Garden Bird Records

If I have learnt one thing from the creation of this blog and website it is that the taking of systematic records is of absolute importance. This applies particularly for birds which are, along with insects, the most numerous and frequent visitors to the garden.

I have made some trials and lots of errors and I have for the time being resolved on two records that I maintain for the bird activity.

The first is a very simple record of the types of birds that I see in the garden each week. The period runs from Monday to Sunday and I simple record if the species of bird was seen in the garden during the week. I do not make a count of the number of birds seen.

This record allows me to understand how many different species visit the garden, which types of birds are the most frequent visitors and also how this varies throughout the year. I started making the record in January 2020 and I keep the results up to date in the graphs below.

As my garden improves for nature, increasing the volume of insects and also the number of shrubs and trees bearing fruit and berries, I would hope to attract a few more species and also to keep some of the more occassional visitors in the garden a little longer. This will be a trend to watch in 2021.

The weekly records also provide the graph below which shows the variation of visitors across the year.

First thing to note in the above graph are the gaps. These are weeks when I don’t take any records. Obviously there will always be a few blank weeks when I’m not present but I hope to reduce this to a minimum.

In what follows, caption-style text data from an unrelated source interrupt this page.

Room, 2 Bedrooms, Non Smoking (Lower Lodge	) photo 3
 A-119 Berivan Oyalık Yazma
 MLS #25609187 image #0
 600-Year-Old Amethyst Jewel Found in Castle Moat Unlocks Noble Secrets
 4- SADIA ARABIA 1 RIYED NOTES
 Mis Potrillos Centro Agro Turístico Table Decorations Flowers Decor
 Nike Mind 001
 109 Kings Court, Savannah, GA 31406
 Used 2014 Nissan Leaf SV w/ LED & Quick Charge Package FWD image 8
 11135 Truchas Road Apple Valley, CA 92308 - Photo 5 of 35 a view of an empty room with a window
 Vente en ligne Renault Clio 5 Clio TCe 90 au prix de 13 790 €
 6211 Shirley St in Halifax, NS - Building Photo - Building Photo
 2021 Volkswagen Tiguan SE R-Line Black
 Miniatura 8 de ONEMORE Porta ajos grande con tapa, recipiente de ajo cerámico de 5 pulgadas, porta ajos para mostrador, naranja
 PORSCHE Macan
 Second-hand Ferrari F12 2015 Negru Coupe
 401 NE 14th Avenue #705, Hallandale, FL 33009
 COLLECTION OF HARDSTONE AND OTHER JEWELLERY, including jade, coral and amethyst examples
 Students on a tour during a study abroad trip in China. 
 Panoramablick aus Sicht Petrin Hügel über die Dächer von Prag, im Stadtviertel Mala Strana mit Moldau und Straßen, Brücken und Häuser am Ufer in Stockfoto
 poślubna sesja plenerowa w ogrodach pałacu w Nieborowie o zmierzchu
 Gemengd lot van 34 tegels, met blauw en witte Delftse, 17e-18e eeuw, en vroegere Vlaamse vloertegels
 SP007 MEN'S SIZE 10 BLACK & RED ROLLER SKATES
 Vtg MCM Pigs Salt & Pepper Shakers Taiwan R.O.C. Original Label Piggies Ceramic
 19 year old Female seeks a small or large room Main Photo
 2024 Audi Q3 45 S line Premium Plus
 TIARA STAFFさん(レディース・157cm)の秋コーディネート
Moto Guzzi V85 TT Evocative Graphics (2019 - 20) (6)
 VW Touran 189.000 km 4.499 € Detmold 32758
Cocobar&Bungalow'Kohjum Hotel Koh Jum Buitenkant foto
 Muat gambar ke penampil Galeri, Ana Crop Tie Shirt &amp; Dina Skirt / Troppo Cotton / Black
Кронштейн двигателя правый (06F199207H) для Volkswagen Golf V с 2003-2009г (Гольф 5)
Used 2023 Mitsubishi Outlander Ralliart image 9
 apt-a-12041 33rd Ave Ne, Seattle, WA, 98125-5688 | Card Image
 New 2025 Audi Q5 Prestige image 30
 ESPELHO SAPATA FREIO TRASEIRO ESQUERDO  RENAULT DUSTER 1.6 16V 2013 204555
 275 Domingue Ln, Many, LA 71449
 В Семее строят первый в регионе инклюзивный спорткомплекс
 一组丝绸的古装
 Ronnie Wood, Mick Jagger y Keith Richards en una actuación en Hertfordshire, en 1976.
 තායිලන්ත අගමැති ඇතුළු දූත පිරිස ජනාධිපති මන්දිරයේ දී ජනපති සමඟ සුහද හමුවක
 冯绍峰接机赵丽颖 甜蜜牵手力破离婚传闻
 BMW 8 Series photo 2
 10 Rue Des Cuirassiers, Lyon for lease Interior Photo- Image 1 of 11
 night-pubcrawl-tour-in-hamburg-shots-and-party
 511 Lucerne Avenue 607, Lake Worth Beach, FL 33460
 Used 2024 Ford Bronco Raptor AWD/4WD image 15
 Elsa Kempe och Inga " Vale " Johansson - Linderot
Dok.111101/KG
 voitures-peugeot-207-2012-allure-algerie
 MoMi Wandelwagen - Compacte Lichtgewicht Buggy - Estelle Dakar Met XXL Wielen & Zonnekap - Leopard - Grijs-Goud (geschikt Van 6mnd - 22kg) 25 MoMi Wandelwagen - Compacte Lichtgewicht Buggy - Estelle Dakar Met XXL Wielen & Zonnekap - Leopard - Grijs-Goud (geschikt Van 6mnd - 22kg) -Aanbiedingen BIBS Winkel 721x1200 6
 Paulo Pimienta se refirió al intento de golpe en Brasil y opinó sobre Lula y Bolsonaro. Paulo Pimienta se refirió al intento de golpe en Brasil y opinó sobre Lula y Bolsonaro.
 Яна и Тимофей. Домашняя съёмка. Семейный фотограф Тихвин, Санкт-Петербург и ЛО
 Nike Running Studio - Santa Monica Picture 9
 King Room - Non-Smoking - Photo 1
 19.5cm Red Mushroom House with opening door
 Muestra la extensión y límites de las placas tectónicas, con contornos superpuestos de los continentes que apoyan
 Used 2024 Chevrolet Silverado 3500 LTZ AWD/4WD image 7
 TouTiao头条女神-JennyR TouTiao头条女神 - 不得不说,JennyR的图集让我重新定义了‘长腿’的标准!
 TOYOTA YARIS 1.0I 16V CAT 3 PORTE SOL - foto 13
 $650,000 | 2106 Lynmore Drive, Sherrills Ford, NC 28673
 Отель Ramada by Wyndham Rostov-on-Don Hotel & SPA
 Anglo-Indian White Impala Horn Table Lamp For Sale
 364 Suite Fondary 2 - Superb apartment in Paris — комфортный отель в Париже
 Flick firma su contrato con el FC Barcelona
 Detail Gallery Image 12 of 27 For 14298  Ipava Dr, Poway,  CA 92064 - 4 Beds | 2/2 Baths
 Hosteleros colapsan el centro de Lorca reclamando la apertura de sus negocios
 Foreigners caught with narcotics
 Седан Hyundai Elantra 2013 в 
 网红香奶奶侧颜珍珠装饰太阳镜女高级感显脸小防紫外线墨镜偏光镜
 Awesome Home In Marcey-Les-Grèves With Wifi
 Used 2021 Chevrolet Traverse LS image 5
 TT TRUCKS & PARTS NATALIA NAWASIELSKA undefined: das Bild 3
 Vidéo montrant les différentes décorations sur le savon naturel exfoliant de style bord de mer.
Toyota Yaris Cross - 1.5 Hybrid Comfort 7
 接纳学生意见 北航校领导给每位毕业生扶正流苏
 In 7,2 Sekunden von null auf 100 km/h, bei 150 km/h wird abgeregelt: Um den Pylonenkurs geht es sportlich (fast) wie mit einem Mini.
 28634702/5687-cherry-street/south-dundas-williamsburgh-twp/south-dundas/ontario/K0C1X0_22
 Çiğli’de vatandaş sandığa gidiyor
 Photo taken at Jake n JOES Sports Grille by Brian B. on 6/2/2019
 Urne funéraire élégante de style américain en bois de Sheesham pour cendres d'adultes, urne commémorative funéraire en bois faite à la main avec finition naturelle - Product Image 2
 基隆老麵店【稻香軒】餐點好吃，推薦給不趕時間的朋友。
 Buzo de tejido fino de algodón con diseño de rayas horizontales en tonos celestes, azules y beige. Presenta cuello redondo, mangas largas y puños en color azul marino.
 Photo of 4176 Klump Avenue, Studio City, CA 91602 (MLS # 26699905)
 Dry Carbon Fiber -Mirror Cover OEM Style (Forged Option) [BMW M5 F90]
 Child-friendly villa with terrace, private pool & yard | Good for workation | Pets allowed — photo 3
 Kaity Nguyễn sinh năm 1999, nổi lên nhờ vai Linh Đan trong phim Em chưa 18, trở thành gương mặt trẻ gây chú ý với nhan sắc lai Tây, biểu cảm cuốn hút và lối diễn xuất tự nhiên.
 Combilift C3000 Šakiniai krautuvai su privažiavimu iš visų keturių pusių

The general trend is that the best period for birds visiting the garden is November-March, Winter through to early Spring. The worst period is summer, the months of July-September.

This is all quite typical and not an unsurprising finding. Birds need suburban gardens more in the winter, in the summer months, with an abundance of natural food sources, they will spend more time away from my garden.

I’m not sure that any improvements I make to the garden environment will change this general trend. What I can potentially hope to see is a general increase in the number of visiting species.

The second type of record that I take is an hourly survey where I count the bird activity during a specific hour. During this period I record both the different species that visit and also the number of birds I see at any one time. Following my initial counting errors, see the blog ‘Update on the Garden Birds’, I have been making the survey on a more or less weekly basis since 11th November.

I upload my results to the site ‘Oiseaux des jardins’ run by the LPO, the French equivalent of the RSPB. They use the information to construct a much bigger picture of bird activity. I think in the UK the RSPB or BTO do something similar.

Apart from this, at this stage, I don’t have enough data to draw significant conclusions. Typically during the hour of observation I see some or all of the resident birds, in quite small numbers. Perhaps the variety of species and the numbers will vary over time?